La tête haute n’a pas de réponse. La réalisatrice, Emmanuelle Bercot nous épargne les théories sur l’éducation, la repentance et le système de répression infantile. Son film n’a pas de thèse, mais il pose pas mal de questions. A commencer par celle-là : que se passe-t-il quand les adultes ont peur d’un enfant ?
Il y a ceux qui laissent tomber et une poignée de héros imparfaits qui ne baissent pas les bras. A travers le parcours chaotique de Malony, Bercot raconte aussi le combat des juges, éducateurs, directeurs de centre qui n’en finissent plus de lui donner une dernière chance. Leur portrait est troublant.

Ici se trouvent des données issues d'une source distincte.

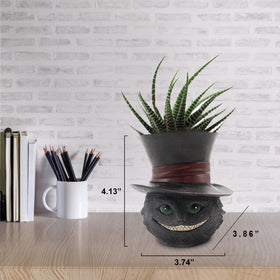 Picvelno desk decor planter keeps plants healthy with bottom drainage.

Le reste est éreintant. Explosif, le film laisse le spectateur à plat. Malony, petite terreur fragile, ressemble à un pain de C4 en zone tropicale : instable au point de faire sursauter le caméraman, imprévisible, impitoyable et impulsif au dernier degré, Rod Paradot est aussi hypnotisant qu’inoubliable.
Oui ça fait beaucoup d’adjectifs.
La prouesse du film, c’est de ne rien pardonner à son personnage principal, sans pour autant le condamner. Il ne s’agit pas de sauver Malony, ni de l’accabler, juste de dresser le portrait d’une bête en cage, qui se jettent contre les barreaux jusqu’à l’épuisement. Et derrière la rage, il y a ce petit garçon apeuré, qui refuse de croire qu’il a une chance et dont la vie est une suite de convocations dans des bureaux.

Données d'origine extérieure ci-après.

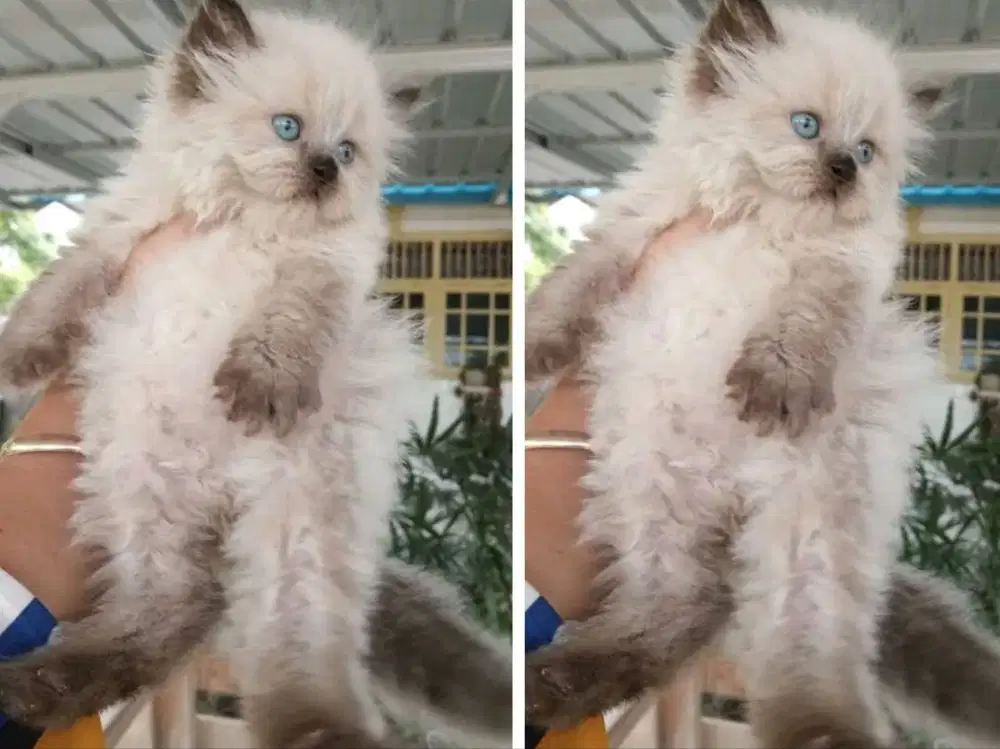 Kucing himalaya ragdoll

La matière brute est tellement percutante qu’on oublie un peu le reste : quelques longueurs, des répétitions, un propos un peu diffus et un plan final vraiment très moche. Et pourtant il y’a beaucoup de beauté à Dunkerque, n’en déplaise à Catherine Deneuve.
En Bref : Il faut aller voir La tête haute. C’est Mommy sans le bullshit, sans les gimmicks pop, l’esthétique de pub et la complainte tire-larme. C’est à l’os, puissant, soufflant. Et lorsque le petit frère demande à son ainé si “la juge est d’accord pour qu’on vole des voitures ?” l’intensité dramatique culmine à des hauteurs où l’oxygène se fait rare.
Dans un salon cannois, Maïwenn a regretté que les femmes manquent de testostérone pour être réalisatrices. Bon. Je ne connais pas l’état hormonal d’Emmanuelle Bercot. Mais je crois qu’elle vient de me casser la gueule.